A las seis de la tarde de ayer fueron recibidos en el Ayuntamiento los estudiantes  valencianos y la comisión salmantina  por el alcalde, Sr. Diez, y varios concejales, siendo espléndidamente obsequiados con puros, dulces y copas.

La velada

Desde el Ayuntamiento se dirigió la “Estudiantina Valenciana”, a la Universidad.

El Paraninfo estaba completamente lleno de distinguidas personalidades y estudiantes, contribuyendo a realzar la magnificencia de la fiesta los encantos de las bellas señoritas, que ocupaban una gran parte del salón.

Al llegar la “Estudiantina Valenciana” es saludada con una nutrida salva de aplausos.

Ocupa la presidencia el Rector de la Universidad, Sr. Unamuno, que tiene a su derecha a los señores Gobernador civil, No y Sánchez Rojas, y a su izquierda a los señores Bedmar, Segovia y Alcalde de Salamanca.

La estudiantina de Valencia toca admirablemente  L'entrá de la murta, y acto seguido hace uso de la palabra el presidente de la rondalla escolar, Sr. Villegas, que lee un discurso, en el que saluda a los estudiantes valencianos, y termina dando vivas a la rondalla de Valencia y a la Universidad.

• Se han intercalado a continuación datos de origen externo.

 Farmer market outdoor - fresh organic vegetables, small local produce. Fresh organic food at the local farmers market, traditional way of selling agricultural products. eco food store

El señor Chamón, secretario de la “Estudiantina valenciana”, después de hablar de la benéfica obra que vienen realizando, dirige un afectuoso saludo a los salmantinos.

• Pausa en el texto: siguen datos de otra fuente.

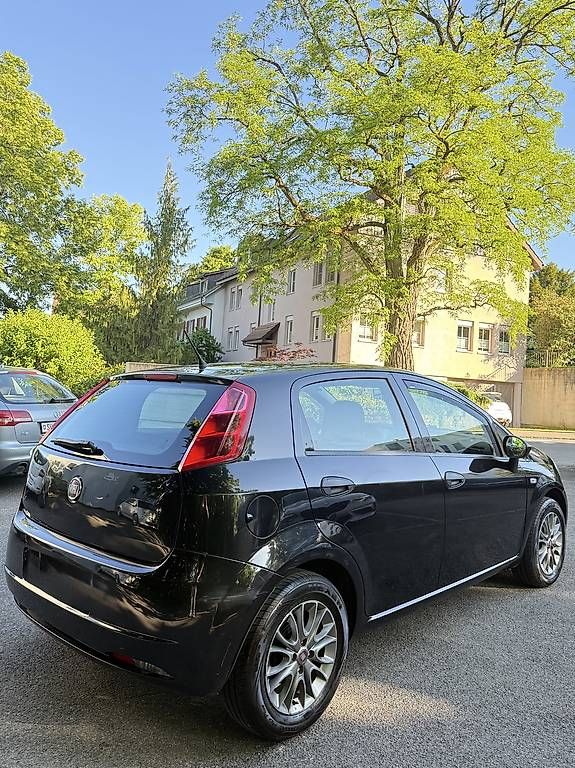 Fiat Automobili: Fiat Punto 1.2 – Usato da Schaffhausen venduto da fre_f7bn 1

Al terminar de hablar el señor Chamón, entra en el Paraninfo el “Orfeón Obrero”, repitiéndose los vivas.

Después de interpretar los valencianos la Serenata española, se levanta a hablar el presidente de la Academia Jurico-escolar, Sr. Rojas, que corresponde al saludo de los estudiantes de Valencia, y aboga por que la unión que se observa en los estudiantes cuando se trata de pedir al ministro vacaciones, la reine también cuando se quiera acometer alguna gran empresa.

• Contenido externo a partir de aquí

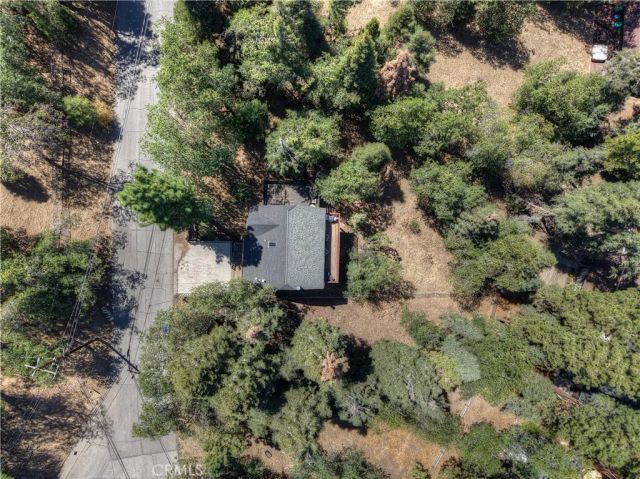1134 Siskiyou Drive, Big Bear Lake, CA 92315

El señor Noreña habla en nombre de los obreros.

Hace consideraciones sobre la unión entre obreros y estudiantes, y da las gracias a los valencianos, que han venido aquí no sólo a adquirir recursos para una magna obra como la Inclusa de Valencia, sino también a traer un recuerdo para perpetuar la memoria de aquellos que murieron el 2 de Abril.

Dice al Rector que los obreros están decididos a defender siempre la Universidad,  que es de todos los salmantinos.

El “Orfeón Obrero”, en medio de los y aplausos y vivas de la concurrencia, canta muy afinadamente El adiós del recluta.

Después habló el Sr. Unamuno, que comienza recordando que al mismo tiempo que este acto se realiza, está de cuerpo presente un catedrático de esta Universidad,  que todos conocían por su bondadoso y afable trato, y que quizá haya fallecido por el deseo constante de cumplir exacta y rigurosamente con sus deberes y obligaciones.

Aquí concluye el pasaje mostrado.